Lam said there is no deadline to pass the legislation, but maintained she is not scrapping it entirely.

“I believe that we cannot withdraw this bill, or else society will say that this bill is groundless,” she said, according to The New York Times.

Lam avoided answering questions directly as to whether she would step down from her post, instead pleading with the public to “give us another chance” and expressing “deep sorrow and regret” over the law’s handling.

The backlash over the bill sparked one of the most significant political demonstrations on the island since Britain returned Hong Kong to China in 1997, Reuters noted.

Debate over the bill started in February and Lam had vowed to have it passed by July, according to the news service.

Support for the legislation began to crumble Friday after numerous politicians with close ties to Beijing said discussions should be postponed, Reuters reported.

Some observers believe the order to suspend debate on the law came from Beijing.

“They would have indicated to Carrie...that this just has to end.
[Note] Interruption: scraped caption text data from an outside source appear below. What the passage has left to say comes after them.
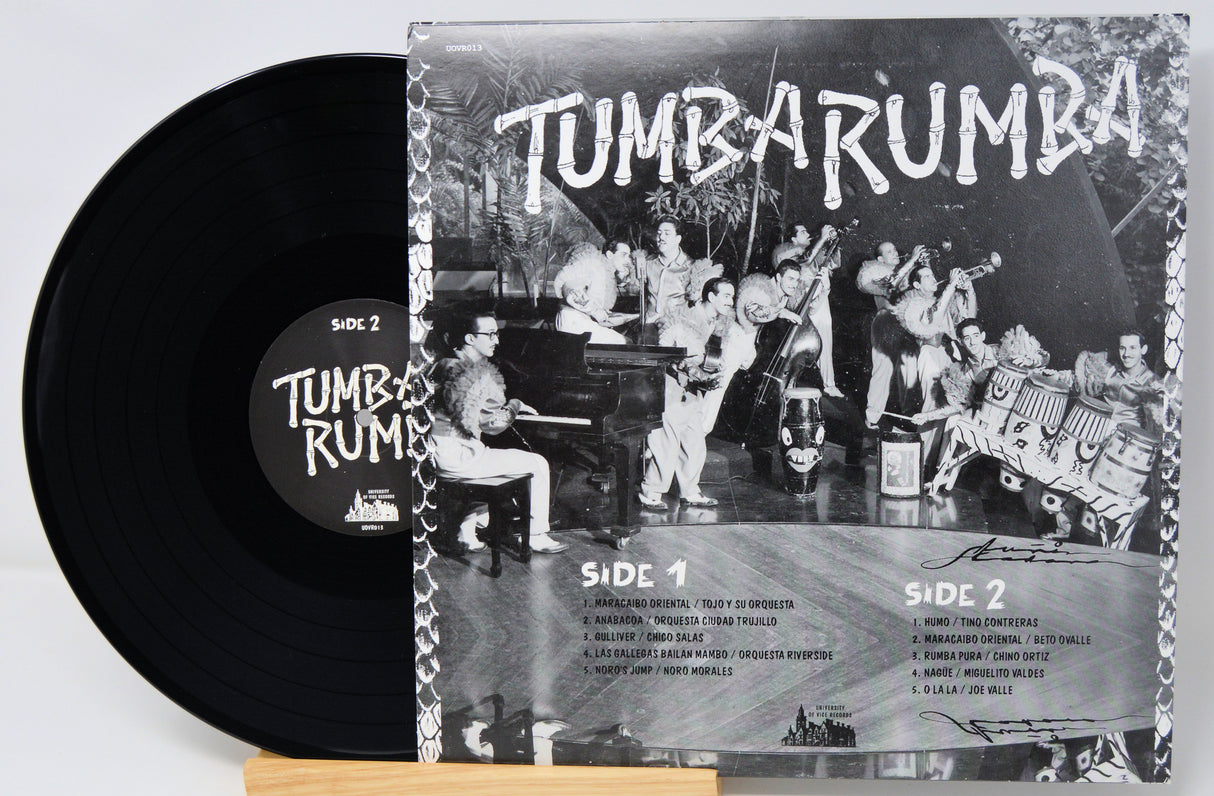 Vinyl record with cover featuring a band and text 'Tumba Rumba' on a light gray background.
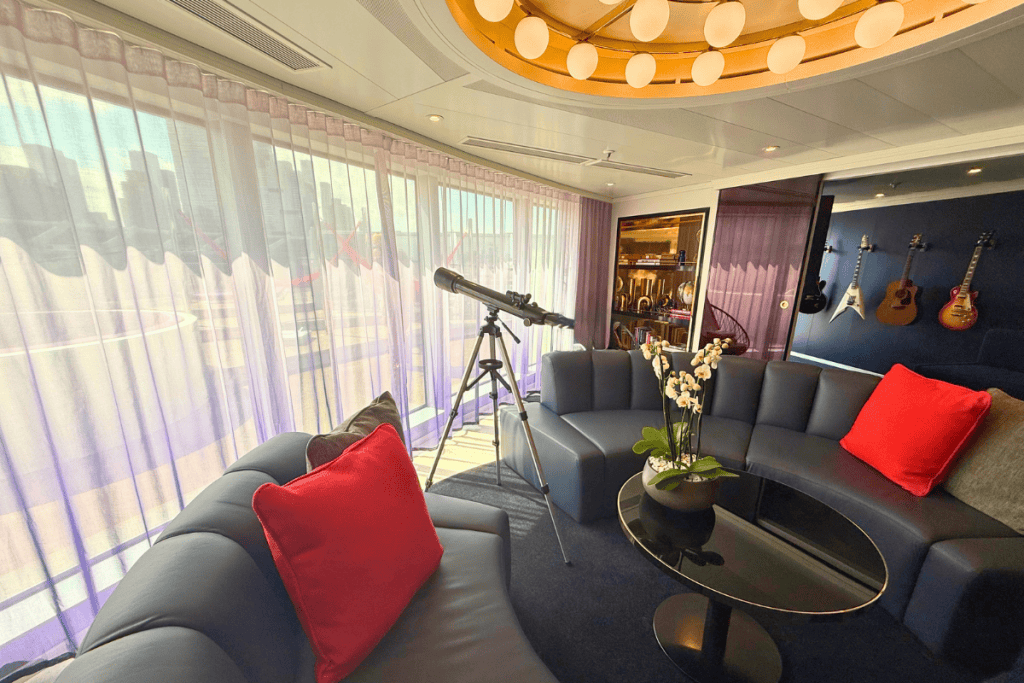 Spacious suite lounge with curved dark sofas red pillows a telescope and guitars displayed on the wall. Floor to ceiling windows overlook the private terrace.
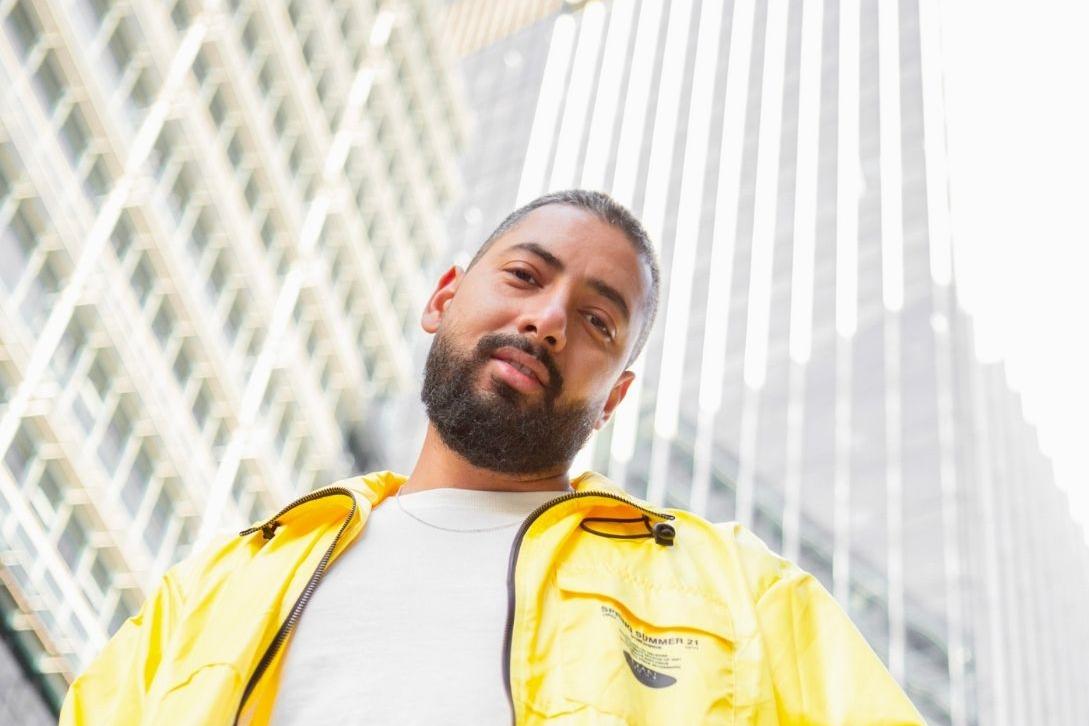 bearded man looking down the camera 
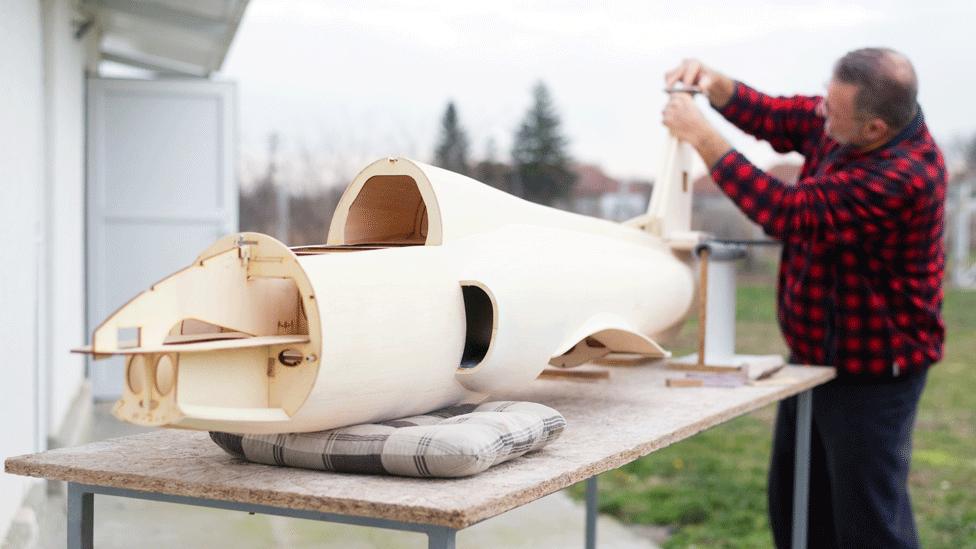 A modeler making an aircraft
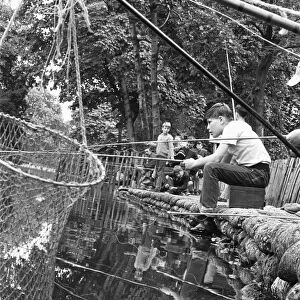 Boys fishing in Battersea Park 7th August 1963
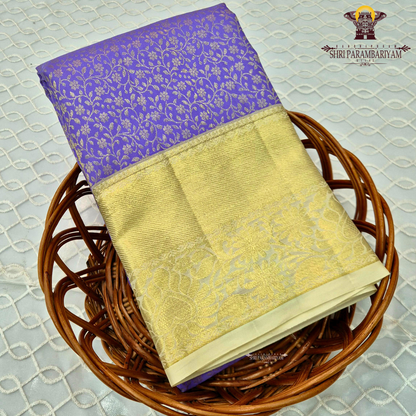 A rich royal violet/purple body paired with a lustrous gold zari Saree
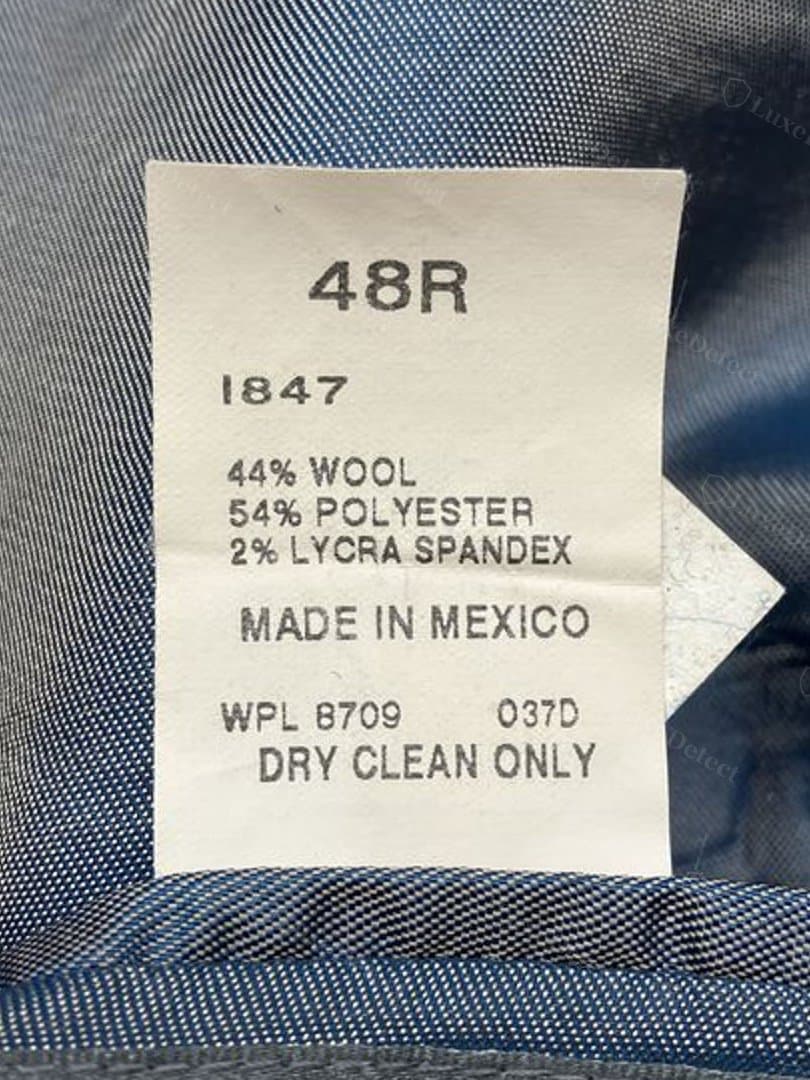 Counterfeit garment's printed care tag — 44% wool/54% polyester/2% lycra spandex blend, Made in Mexico, printed rather than woven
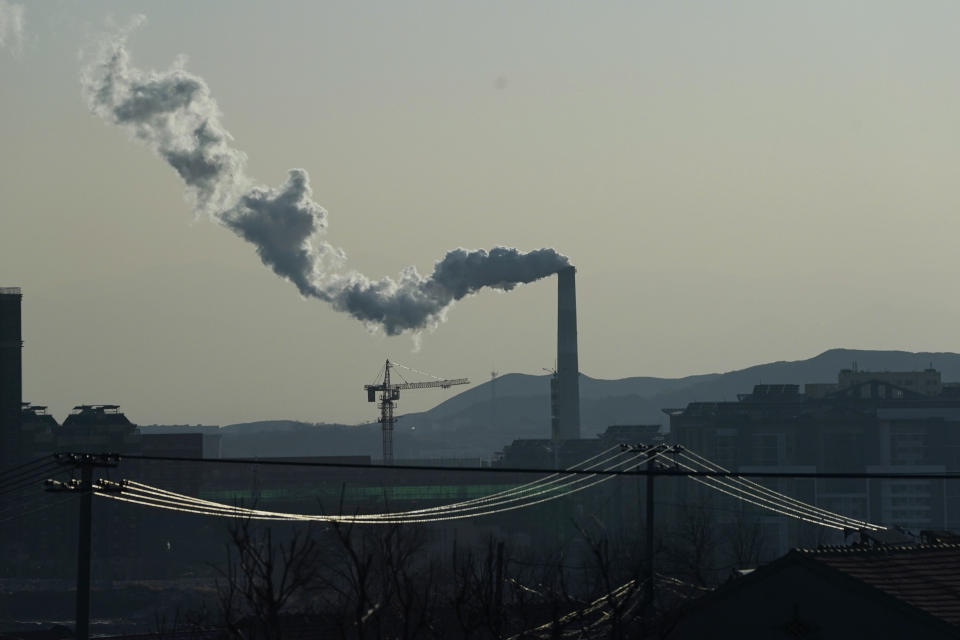 Smoke comes out of a chimney near cables from a high speed train traveling from Beijing to neighboring Zhangjiakou in northwestern China's Hebei province on Dec. 15, 2020. Expectations are high that the 14th five-year plan will align domestic policies with international pledges on climate change. Chinese President Xi Jinping made a surprise pledge at a United Nations meeting in September that China would go carbon neutral by 2060. (AP Photo/Ng Han Guan)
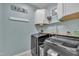 Well-lit laundry room featuring modern washer and dryer units, storage cabinets and light blue walls at 2605 Bloomsberry Ridge Dr, Fuquay Varina, NC 27526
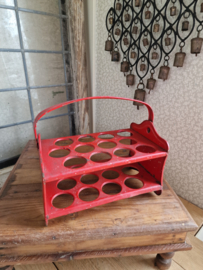 Oud rood blikken eierrekje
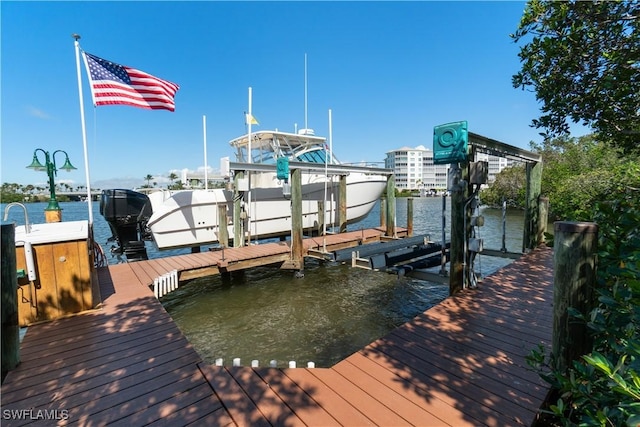 view of dock with boat lift and a water view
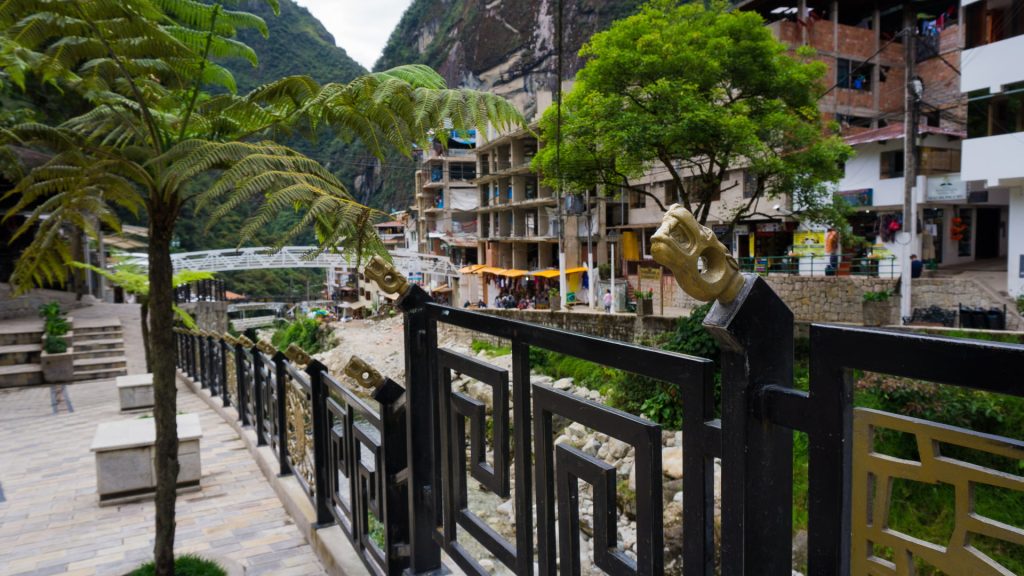 Decorative railings by the riverwalk, part of the scenic urban vibe in the Aguas Calientes Guide - Xplor Machu Picchu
She didn’t understand what she was doing,” Steve Tsang, a political scientist at SOAS in London, told Reuters. 

“I think Carrie Lam’s days are numbered...Beijing cannot afford to sack her right away, because that would be an indication of weakness.”

The Chinese government office in charge of Hong Kong affairs expressed “support, respect and understanding” for Lam’s decision, with a spokesperson saying the central government would continue “to firmly support” her.

However, pro-democracy opponents of the bill have called for Lam's resignation and said the legislation should be taken off the table. 

“Carrie Lam has lost all credibility among Hong Kong people. She must step down,” said Claudia Mo, a member of the pan-democratic group that opposed the bill.